Takeshi Umehara, prominente hombre de la cultura japonesa del siglo XX, nos da cuenta de esa experiencia traumática y de la búsqueda intelectual que inició en 1945 en mitad de aquella atmósfera de ruinas y muerte. Occidente no le ofrecía nada; leyó a Nietzsche y Heidegger sólo para comprobar su vacuidad. Volvió los ojos a su propio país, a todo aquello que, por ancestral y poderoso, había sobrevivido la fatiga de noches innumerables: la religiosidad autóctona del Shinto, las influencias budistas, los ecos del confusionismo; éticas y estéticas que, entreveradas, fundamentan certezas para animar la continuidad de la vida. Pues si el mutualismo da pie a una ética de la relación con el “otro” y con la naturaleza que engendra responsabilidades y pasiones creadoras, el haiku– arte del momento fugaz– atrapa el ciclo eterno del espíritu, de suerte que ambas– tomadas como verdades– alimentan el efluvio vital.
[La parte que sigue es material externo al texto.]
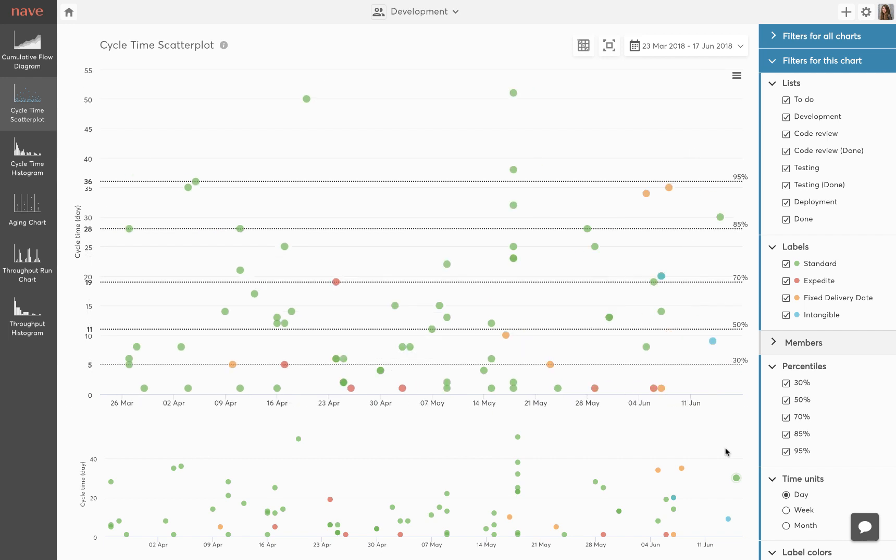You can find out more about the cycle time scatterplot and other data visualization tools by NAVE on our blog at getnave.com. Join me in the next video to explore how to use cycle time histogram to optimize the efficiency of your workflow.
De hecho, las crisis suelen producir la tentación de mundos alternativos, ideas como el de Umehara. Pero la identidad como la recuperación de un pasado idílico y maravilloso sólo evidencia el drama del presente raído; puede crear un objeto poético que por serlo se aleja de lo real, de la experiencia insoportable. En una invención del espíritu que, en hábiles plumas, destila sueños como Visión de Anáhuac de nuestro Alfonso Reyes, para quien aquella vegetación del México precolombino es un nuevo “arte de la naturaleza”, mientras los hombres, frutos de su asombrada imaginación, se le aparecen como unos “delicados juguetes”.
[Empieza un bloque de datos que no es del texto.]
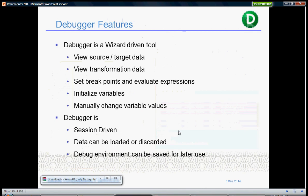Debugging. A debugger is a wizard-driven tool that is integrated with PowerCenter Designer. You can design, view the source target data, or view the transformation data. This is basically used for mapping debugging. You can see how the data actually flows and how it's been transformed.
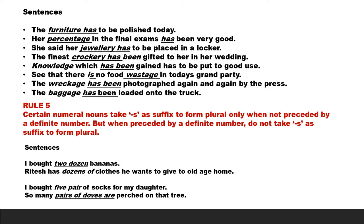Let's consider the following sentences. The furniture has to be polished today. Her percentage in the final exams has been very good. She said her jewelry has to be placed in a locker. The finest crockery has been gifted to her in her wedding. Knowledge which has been gained has to be put to good use. See that there is no food wastage in today's grand party. The wreckage has been photographed again and again by the press. The baggage has been loaded onto the truck. Note that we have used the singular form of verb along with all these noun words: furniture, percentage, jewelry, crockery, etc.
Y aunque Reyes nos asegura que no es de aquéllos que sueña en perpetuaciones absurdas de la tradición indígena, no deja de insistir en que nos une con el pasado ese misterioso afán de dominar la misma materia, la común emoción ante un idéntico paisaje. Pero ¿Cuál es el valor práctico de esa unión con el pasado, de la sensibilidad compartida que surge de ese encuentro con la misma belleza, si ésta puede conservarse merced a otras depredaciones o bien ha sido destruida irremediablemente? Umehara oculta que Japón conserva sus prodigiosas selvas gracias a la explotación de los bosques de Malasia; Reyes no tuvo tiempo para comprobar que el valle cedió su lugar a la inmensidad urbana de la ciudad de México, extraño caso de sobrevivencia casi milagrosa del fracaso moderno. El nacionalismo de Umehara es arrogante y estéril; el de Reyes, literario.